Le volet RSE de la loi Pacte, adoptée en première lecture par l’Assemblée nationale le 9 octobre dernier, a pour ambition d’inciter les entreprises françaises à évoluer vers un capitalisme socialement responsable. Suivront-elles ?

« Réconcilier les Français et l’entreprise, et créer un capitalisme à l’européenne.» C’est en énonçant ces objectifs que Roland Lescure, président de la commission des affaires économiques de l’Assemblée nationale, ouvrait au printemps dernier la session d’auditions préalables aux débats sur le projet de loi. Pour amorcer le mouvement, le gouvernement mise sur l’intégration dans le corpus législatif français de l’obligation pour les entreprises de tenir compte des principes de la  responsabilité sociale et environnementale (RSE). La démarche est conforme aux recommandations ­formulées par Jean-Dominique Senard, dirigeant du groupe Michelin, et Nicole Notat, ancienne secrétaire générale de la CFDT et présidente du cabinet Vigeo Eiris, dans le ­rapport remis au gouvernement au printemps 2018.

Prise en considération

Dans son article 1833, le Code civil définit sobrement l’objet social : «Toute société doit avoir un objet licite et être constituée dans lintérêt commun des associés.» Le projet de loi Pacte prévoit d’y ajouter qu’il doit également «prendre en considération les enjeux sociaux et environnementaux de son activité». Le code de commerce évoluera également afin de donner au conseil d’administration la possibilité de déterminer les orientations de l’activité de la société «conformément à son intérêt social, en considérant ses enjeux sociaux et environnementaux.»

Les organisations patronales appelaient le gouvernement à renoncer à cette mention et à se contenter de ce que la soft law – le code Afep Medef principalement – prévoyait déjà. Ils invoquaient le risque juridique que ce texte ferait peser sur les entreprises. «Nous sommes incapables de démontrer la portée de ces modifications, s’inquiétait Michel Guilbaud, directeur général du Medef, devant la commission des affaires économiques. Le juge va les interpréter et cela va multiplier les contentieux.» Lors de l’examen du texte en commission en septembre dernier, Bruno Le Maire, qui porte le projet de loi, a écarté l’objection. «Nous demandons simplement à lentreprise destimer les conséquences sociales et environnementales de ses choix avant de prendre ses décisions, ni plus ni moins, a-t-il expliqué. L’expression " en prenant en considération" ne permet pas de faire référence à l’intérêt des parties prenantes à l’entreprise.
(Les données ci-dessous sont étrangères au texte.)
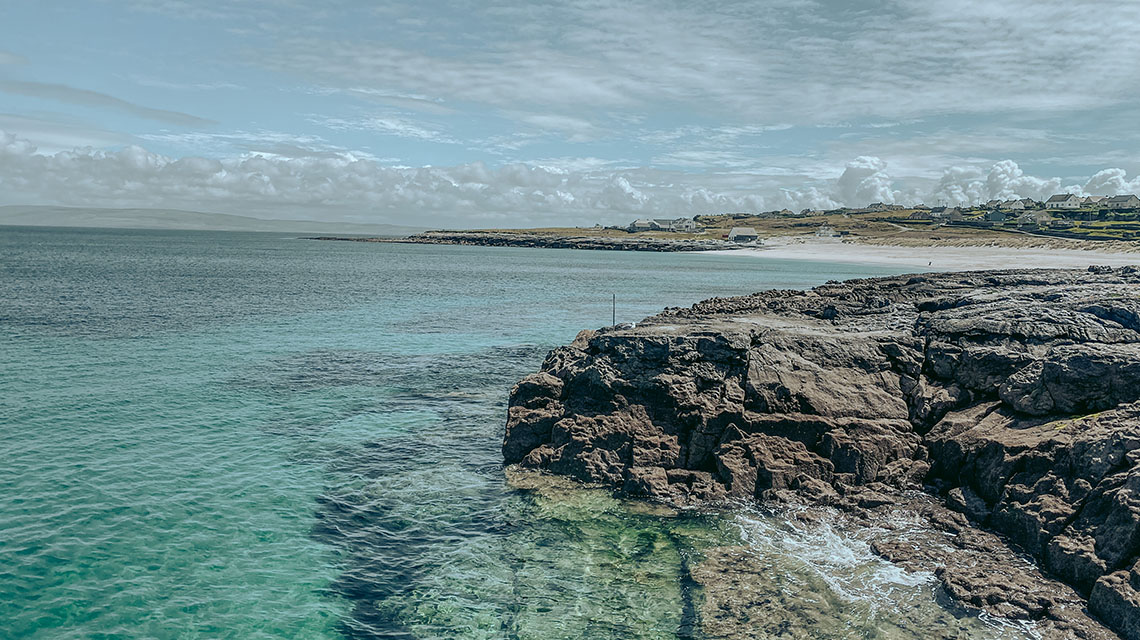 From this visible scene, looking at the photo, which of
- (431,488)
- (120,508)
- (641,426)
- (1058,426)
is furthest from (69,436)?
(1058,426)

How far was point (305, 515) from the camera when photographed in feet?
59.0

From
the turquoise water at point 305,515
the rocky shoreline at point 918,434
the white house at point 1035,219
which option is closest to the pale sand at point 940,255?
the white house at point 1035,219

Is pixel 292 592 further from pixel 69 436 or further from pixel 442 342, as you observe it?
pixel 442 342

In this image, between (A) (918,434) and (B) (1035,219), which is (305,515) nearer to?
(A) (918,434)

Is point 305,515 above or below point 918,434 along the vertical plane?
below

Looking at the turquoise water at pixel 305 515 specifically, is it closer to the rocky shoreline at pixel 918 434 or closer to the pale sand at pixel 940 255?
the rocky shoreline at pixel 918 434

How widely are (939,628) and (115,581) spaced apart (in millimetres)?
17097

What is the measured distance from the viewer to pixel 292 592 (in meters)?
Result: 14.4

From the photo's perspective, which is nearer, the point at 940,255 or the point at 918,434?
the point at 918,434

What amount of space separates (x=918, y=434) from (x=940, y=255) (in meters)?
119

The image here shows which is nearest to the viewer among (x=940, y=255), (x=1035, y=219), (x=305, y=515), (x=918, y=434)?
(x=305, y=515)

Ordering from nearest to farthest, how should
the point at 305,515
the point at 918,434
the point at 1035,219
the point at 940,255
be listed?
the point at 305,515 → the point at 918,434 → the point at 940,255 → the point at 1035,219

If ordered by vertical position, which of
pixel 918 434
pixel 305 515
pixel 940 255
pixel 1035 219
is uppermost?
pixel 1035 219

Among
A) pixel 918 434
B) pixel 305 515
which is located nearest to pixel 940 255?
pixel 918 434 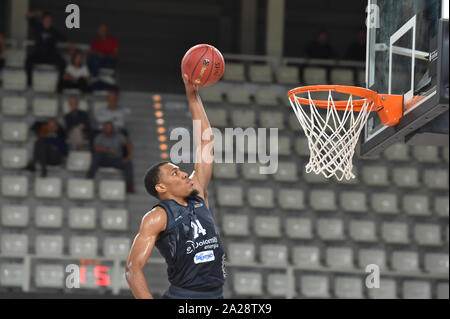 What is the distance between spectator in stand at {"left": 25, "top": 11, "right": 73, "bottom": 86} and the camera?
39.2 feet

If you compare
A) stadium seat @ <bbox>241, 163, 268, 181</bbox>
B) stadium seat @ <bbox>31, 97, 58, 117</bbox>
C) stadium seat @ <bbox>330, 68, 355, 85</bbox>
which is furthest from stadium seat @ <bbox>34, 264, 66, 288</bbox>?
stadium seat @ <bbox>330, 68, 355, 85</bbox>

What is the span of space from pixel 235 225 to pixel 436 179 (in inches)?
115

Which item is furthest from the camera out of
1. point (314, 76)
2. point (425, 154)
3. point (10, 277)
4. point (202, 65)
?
point (314, 76)

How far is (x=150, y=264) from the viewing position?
34.7 ft

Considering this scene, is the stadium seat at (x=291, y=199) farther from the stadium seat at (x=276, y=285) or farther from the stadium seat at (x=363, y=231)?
the stadium seat at (x=276, y=285)

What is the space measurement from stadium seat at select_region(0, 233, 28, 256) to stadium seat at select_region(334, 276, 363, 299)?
3.75m

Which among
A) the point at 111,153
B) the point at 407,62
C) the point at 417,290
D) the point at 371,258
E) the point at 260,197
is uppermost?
the point at 407,62

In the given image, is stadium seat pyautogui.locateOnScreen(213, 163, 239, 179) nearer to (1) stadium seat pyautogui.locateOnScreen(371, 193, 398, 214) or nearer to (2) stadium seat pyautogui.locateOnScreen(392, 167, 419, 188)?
(1) stadium seat pyautogui.locateOnScreen(371, 193, 398, 214)

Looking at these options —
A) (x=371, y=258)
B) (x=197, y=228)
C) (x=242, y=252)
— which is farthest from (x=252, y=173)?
(x=197, y=228)

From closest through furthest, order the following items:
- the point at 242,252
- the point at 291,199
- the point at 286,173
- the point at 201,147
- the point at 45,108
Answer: the point at 201,147 → the point at 242,252 → the point at 291,199 → the point at 286,173 → the point at 45,108

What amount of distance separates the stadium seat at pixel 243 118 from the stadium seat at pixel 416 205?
2.30 m

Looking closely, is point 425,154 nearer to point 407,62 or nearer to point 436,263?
point 436,263

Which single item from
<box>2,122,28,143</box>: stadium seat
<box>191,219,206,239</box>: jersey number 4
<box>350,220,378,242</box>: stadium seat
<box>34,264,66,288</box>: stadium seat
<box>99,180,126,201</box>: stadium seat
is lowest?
<box>34,264,66,288</box>: stadium seat

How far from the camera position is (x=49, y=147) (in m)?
11.0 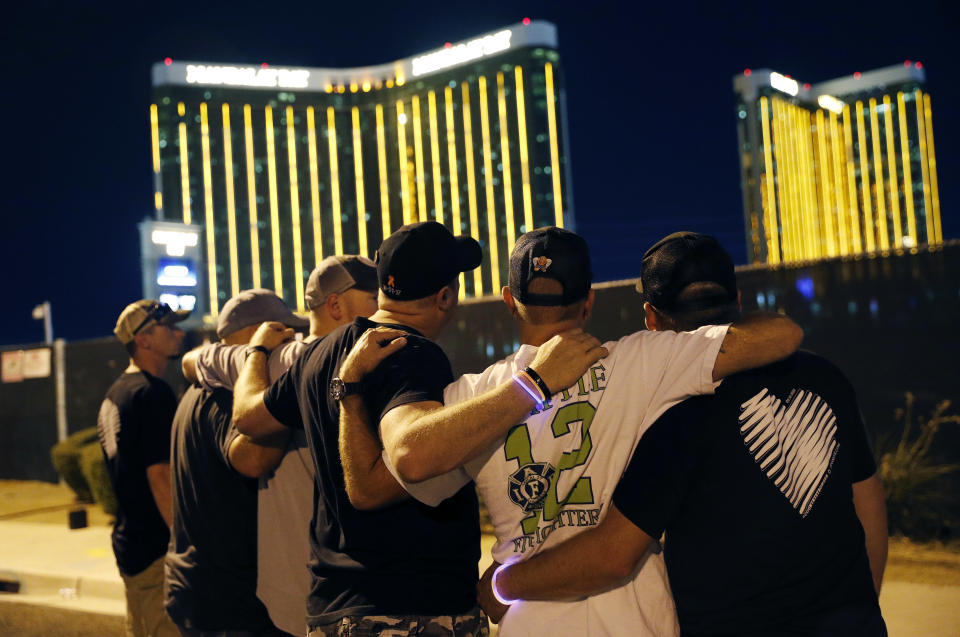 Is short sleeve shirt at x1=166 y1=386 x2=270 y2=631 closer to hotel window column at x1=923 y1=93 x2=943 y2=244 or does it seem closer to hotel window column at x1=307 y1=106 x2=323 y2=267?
hotel window column at x1=307 y1=106 x2=323 y2=267

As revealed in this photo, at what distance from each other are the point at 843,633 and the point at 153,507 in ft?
9.99

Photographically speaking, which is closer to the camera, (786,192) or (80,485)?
(80,485)

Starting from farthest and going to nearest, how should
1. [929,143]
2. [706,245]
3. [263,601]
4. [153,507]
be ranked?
[929,143] < [153,507] < [263,601] < [706,245]

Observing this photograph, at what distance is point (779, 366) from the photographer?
199 cm

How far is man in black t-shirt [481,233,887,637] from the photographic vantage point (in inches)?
74.4

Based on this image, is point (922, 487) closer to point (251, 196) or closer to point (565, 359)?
point (565, 359)

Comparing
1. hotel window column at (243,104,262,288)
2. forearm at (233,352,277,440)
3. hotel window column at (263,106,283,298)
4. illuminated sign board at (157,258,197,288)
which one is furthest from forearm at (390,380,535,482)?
hotel window column at (263,106,283,298)

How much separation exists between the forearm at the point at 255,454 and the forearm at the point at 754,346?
1450mm

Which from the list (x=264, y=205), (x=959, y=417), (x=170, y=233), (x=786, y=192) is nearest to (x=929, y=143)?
(x=786, y=192)

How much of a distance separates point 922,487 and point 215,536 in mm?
5490

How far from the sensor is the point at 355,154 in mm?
144250

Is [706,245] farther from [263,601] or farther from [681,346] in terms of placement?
[263,601]

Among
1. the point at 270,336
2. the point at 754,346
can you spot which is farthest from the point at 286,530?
the point at 754,346

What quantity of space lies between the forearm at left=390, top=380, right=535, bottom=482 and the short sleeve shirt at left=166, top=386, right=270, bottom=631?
3.96 feet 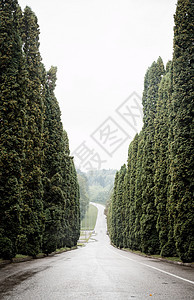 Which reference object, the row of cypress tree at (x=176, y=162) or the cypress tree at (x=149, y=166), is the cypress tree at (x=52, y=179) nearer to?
the cypress tree at (x=149, y=166)

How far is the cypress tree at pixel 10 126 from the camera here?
1132 centimetres

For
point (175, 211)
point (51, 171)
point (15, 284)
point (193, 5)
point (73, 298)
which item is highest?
point (193, 5)

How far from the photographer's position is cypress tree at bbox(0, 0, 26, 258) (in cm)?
1132

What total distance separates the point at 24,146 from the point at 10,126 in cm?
120

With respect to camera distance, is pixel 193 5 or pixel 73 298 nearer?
pixel 73 298

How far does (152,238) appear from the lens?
1855 centimetres

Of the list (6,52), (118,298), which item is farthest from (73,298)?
(6,52)

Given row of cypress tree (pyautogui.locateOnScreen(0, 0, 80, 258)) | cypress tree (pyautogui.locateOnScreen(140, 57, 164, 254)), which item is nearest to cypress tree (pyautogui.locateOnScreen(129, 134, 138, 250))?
cypress tree (pyautogui.locateOnScreen(140, 57, 164, 254))

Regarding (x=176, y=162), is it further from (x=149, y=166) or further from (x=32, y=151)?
(x=32, y=151)

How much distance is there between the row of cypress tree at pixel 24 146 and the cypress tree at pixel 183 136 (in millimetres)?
6789

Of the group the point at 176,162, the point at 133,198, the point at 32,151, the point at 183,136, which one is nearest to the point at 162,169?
the point at 176,162

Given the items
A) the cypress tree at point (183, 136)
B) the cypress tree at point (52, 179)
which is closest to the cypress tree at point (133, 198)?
the cypress tree at point (52, 179)

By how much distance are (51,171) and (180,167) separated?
32.5 ft

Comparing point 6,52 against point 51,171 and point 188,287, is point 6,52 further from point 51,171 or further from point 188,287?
point 188,287
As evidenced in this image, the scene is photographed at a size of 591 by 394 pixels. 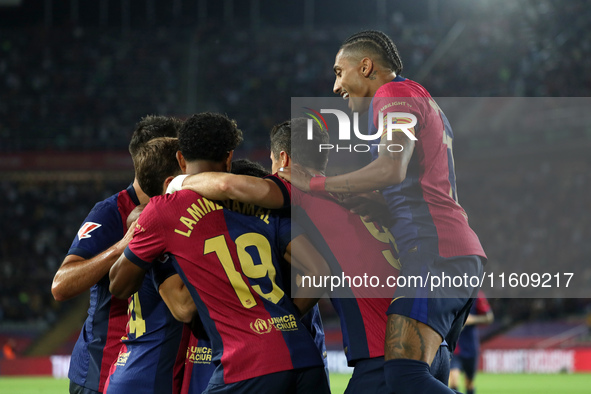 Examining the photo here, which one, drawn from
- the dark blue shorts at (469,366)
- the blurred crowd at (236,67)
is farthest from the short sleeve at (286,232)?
the blurred crowd at (236,67)

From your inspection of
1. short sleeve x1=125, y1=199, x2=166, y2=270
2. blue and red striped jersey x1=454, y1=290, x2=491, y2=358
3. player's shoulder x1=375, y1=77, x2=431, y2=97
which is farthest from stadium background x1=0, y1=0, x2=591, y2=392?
short sleeve x1=125, y1=199, x2=166, y2=270

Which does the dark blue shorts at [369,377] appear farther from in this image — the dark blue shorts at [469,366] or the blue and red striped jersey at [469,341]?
the dark blue shorts at [469,366]

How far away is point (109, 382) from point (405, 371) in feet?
4.79

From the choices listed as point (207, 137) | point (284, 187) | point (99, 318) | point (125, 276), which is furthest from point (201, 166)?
point (99, 318)

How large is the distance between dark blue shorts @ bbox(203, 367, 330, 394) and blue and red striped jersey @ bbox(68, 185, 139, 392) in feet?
3.34

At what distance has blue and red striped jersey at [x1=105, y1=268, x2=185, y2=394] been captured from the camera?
3.25m

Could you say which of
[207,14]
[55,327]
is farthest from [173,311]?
[207,14]

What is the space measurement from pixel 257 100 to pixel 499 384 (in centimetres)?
1479

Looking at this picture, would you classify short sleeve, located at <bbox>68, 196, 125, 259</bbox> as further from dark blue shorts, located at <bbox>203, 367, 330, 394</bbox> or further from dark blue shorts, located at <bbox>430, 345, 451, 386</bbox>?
dark blue shorts, located at <bbox>430, 345, 451, 386</bbox>

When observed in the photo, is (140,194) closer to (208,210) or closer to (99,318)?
(99,318)

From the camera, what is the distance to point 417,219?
3.24 metres

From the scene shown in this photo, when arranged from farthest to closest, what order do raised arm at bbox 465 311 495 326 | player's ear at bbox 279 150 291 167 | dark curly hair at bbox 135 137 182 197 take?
1. raised arm at bbox 465 311 495 326
2. player's ear at bbox 279 150 291 167
3. dark curly hair at bbox 135 137 182 197

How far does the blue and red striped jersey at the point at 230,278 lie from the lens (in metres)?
2.79

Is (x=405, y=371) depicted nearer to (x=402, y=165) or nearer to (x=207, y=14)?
(x=402, y=165)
Par conséquent, elle ne saurait servir d’accroche à un recours juridique.» 

Raison d’être

Difficile à ce stade de prédire les effets de la nouvelle définition de l’objet social. Puisqu’elle est sans risque pour l’entreprise d’après l’exécutif, faut-il en déduire qu’elle a peu de portée ? Plusieurs groupements agissant pour la promotion de la RSE restent à ce stade sur leur faim. Toutefois, le but recherché est avant tout de donner une impulsion. «Nous avons voulu un concept qui consacre la dynamique qui est engagée et que nos recommandations provoquent une accélération», déclarait Nicole Notat à la commission des affaires économiques. Aux entreprises maintenant de se saisir de cette nouveauté et de lui donner corps. Elles pourront aller plus loin puisque l’article 1835 du Code civil sera également amendé pour permettre à celles qui le souhaitent de se doter d’une «raison d’être» dans leurs statuts. Certains groupes y réfléchissent déjà.

Miser sur la volonté des entreprises de s’inscrire dans une démarche de long terme, c’est le pari de l’exécutif. Bruno Le Maire est convaincu de la pertinence de l’approche : «Si une entreprise demain veut être profitable, reconnue par nos concitoyens, la raison d’être va devenir un passage obligé, pour mobiliser les salariés, les fournisseurs, les clients, les actionnaires autour d’un objectif commun», déclarait-il au site Prophil. Reste à savoir si, dans les faits, les entreprises répondront à l’élan vers un capitalisme responsable.